First, the general purpose of the employee contract rather individual employment/ at will employment is to; theoretically, remove the politics and personal gain issues that affect private sector employment. If you are in negotiations as a group, then individual actions can not improve individual employment keeping Officers actions on the street for law enforcement purposes and not for personal gain.
Second, everyone regardless of individual performance gets paid the same. In patrol for instance the lowest ticket writer gets paid the same as the highest. The only change in pay comes with either positions (investigators get paid the same as other investigators but higher than patrolmen), promotion or time on the job.
Third, the reason the Officers do not deserve a pay cut is primarily due to point two. When economic times are positive Officers upward mobility in both position and pay is restricted. Promotion comes only through a testing process that is conducted only once every couple of years. The Officer also does not get increases based on performance but rather negotiated raises throughout the year. In the private sector when a company is successful and the employee is performing at a high standard, their compensation is improved whenever the company deems fit. I get all kinds of calls from my friends wondering why I picked this profession when I could be making so much more money in the private sector. When times are bad I get calls to the reverse. The bottom line is that public sector pay is a slow line increasing up and we can not take advantage of the good times and are not hurt as badly during the down times. However if a pay cut is implemented for a contract employee it is a permanent loss since you do not get a corresponding pay increase when times are good to offset the loss.
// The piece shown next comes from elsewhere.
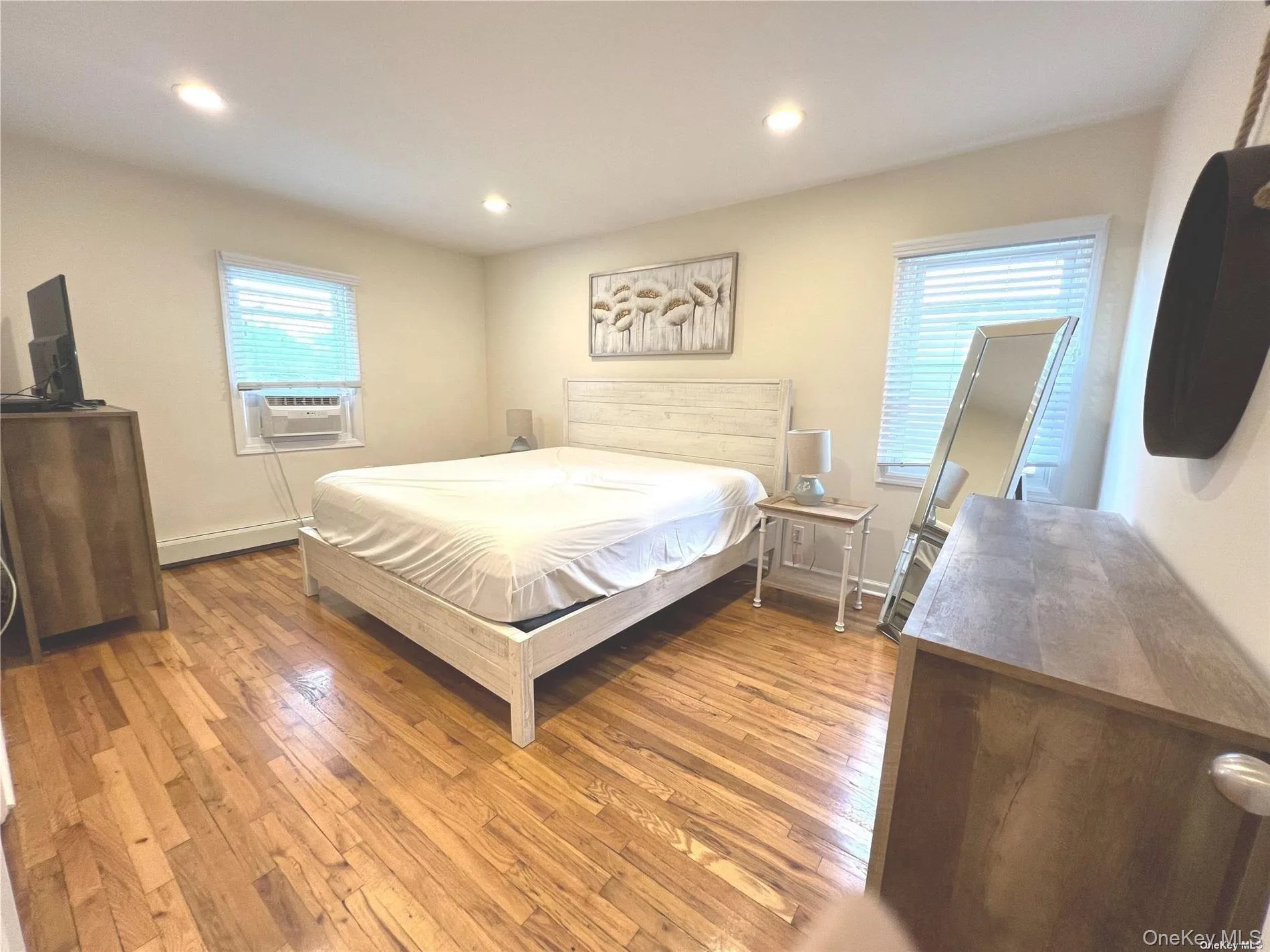 249 Broadway, Long Beach, NY, 3 Bedrooms Bedrooms, 5 Rooms Rooms,1 BathroomBathrooms,Residential Lease,For Rent,Broadway,0,1036612 249 Broadway, Long Beach, NY, 3 Bedrooms Bedrooms, 5 Rooms Rooms,1 BathroomBathrooms,Residential Lease,For Rent,Broadway,0,1036612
Finally, the last in this post but certainly not the last element concerning contracts is the retro check. When a post due contract is finally signed and ratified the pay that the Officer should have received is calculated and put into a check. The problem for larger Police departments unions is sometimes the money that the city can make in interest and alternate use is greater than what they will eventually issue in retro checks. So in essence there is little hurry for the city to negotiate when they are essentially making money by holding up the contract negotiations.
These are just the concepts I brought up that night and there are a multitude more to choose from but I can see how frustrating it can be to work for years without knowing how much you are making and what is your benefits package.
The bottom line is Chicago Officers deserve a contract.